Background: Discrete choice experiments (DCEs) are increasingly used for health state valuations. However, the values derived from initial DCE studies vary widely. We hypothesize that these findings indicate the presence of unknown sources of bias that must be recognized and minimized. Against this background, we studied whether values derived from a DCE are sensitive to how well the DCE design spans the severity range.
Methods: We constructed an experiment involving three variants of DCE tasks for health state valuation: standard DCE, DCE-death, and DCE-duration. For each type of DCE, an experimental design was generated under two different conditions, enabling a comparison of health state values derived from current best practice Bayesian efficient DCE designs with values derived from ‘severity-stratified’ designs that control for coverage of the severity range in health state selection. About 3000 respondents participated in the study and were randomly assigned to one of the six study arms.

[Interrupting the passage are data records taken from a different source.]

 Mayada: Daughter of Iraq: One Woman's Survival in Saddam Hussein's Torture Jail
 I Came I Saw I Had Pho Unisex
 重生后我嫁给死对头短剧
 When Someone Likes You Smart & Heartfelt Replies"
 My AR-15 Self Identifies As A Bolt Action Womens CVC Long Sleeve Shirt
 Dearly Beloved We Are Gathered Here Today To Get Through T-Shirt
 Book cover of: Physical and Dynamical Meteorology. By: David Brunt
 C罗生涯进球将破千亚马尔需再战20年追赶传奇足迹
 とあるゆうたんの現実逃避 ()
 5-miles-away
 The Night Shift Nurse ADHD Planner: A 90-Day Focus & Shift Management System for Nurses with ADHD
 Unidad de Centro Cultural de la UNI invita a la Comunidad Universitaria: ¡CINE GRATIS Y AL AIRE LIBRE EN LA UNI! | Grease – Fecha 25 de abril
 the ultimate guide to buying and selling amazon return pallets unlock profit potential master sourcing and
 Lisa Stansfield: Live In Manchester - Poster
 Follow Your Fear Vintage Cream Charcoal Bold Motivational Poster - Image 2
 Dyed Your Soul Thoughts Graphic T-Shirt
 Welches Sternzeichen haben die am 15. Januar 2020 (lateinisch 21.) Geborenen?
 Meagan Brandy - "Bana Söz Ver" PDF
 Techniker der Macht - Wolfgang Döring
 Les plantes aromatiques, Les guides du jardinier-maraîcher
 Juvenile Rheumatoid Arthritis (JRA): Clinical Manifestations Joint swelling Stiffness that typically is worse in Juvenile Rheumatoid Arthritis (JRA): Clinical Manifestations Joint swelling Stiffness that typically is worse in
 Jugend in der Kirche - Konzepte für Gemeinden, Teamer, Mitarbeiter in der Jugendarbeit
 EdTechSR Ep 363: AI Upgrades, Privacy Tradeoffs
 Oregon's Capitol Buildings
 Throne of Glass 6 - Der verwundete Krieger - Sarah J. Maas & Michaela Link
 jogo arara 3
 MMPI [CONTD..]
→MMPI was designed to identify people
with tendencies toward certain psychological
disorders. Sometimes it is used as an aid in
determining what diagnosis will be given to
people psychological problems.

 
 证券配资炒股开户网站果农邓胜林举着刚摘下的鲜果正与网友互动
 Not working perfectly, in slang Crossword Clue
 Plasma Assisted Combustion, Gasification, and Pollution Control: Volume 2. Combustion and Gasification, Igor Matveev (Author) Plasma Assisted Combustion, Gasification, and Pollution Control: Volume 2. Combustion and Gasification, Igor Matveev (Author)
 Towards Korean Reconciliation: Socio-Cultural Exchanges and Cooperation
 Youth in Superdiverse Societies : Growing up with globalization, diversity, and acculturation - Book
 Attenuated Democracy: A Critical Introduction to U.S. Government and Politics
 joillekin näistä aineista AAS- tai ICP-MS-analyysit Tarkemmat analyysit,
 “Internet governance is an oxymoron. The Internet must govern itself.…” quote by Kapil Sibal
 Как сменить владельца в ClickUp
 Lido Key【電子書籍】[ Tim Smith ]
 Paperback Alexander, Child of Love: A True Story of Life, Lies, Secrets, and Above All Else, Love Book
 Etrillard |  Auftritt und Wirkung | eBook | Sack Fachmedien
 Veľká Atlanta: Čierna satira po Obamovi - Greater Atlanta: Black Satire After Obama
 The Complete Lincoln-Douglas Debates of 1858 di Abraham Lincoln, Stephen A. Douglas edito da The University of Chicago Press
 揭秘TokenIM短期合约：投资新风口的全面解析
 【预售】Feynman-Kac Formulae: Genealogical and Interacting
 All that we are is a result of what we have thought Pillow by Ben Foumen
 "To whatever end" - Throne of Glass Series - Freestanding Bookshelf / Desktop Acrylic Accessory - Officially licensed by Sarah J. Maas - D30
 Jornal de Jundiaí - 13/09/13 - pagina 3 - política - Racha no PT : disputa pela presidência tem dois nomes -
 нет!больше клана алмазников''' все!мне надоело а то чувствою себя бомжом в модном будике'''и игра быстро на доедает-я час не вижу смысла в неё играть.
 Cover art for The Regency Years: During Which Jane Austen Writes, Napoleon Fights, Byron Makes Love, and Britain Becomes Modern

Results: Imposing the severity-stratified restriction had a large effect on health states sampled for the DCE-duration approach. The unstratified efficient design returned a skewed distribution of selected health states, and this introduced bias. The choice probability of bad health states was underestimated, and time trade-offs to avoid bad states were overestimated, resulting in too low values. Imposing the same restriction had limited effect in the DCE-death approach and standard DCE.
Conclusion: Variation in DCE-derived values can be partially explained by differences in how well selected health states spanned the severity range. Imposing a ‘severity stratification’ on DCE-duration designs is a validity requirement.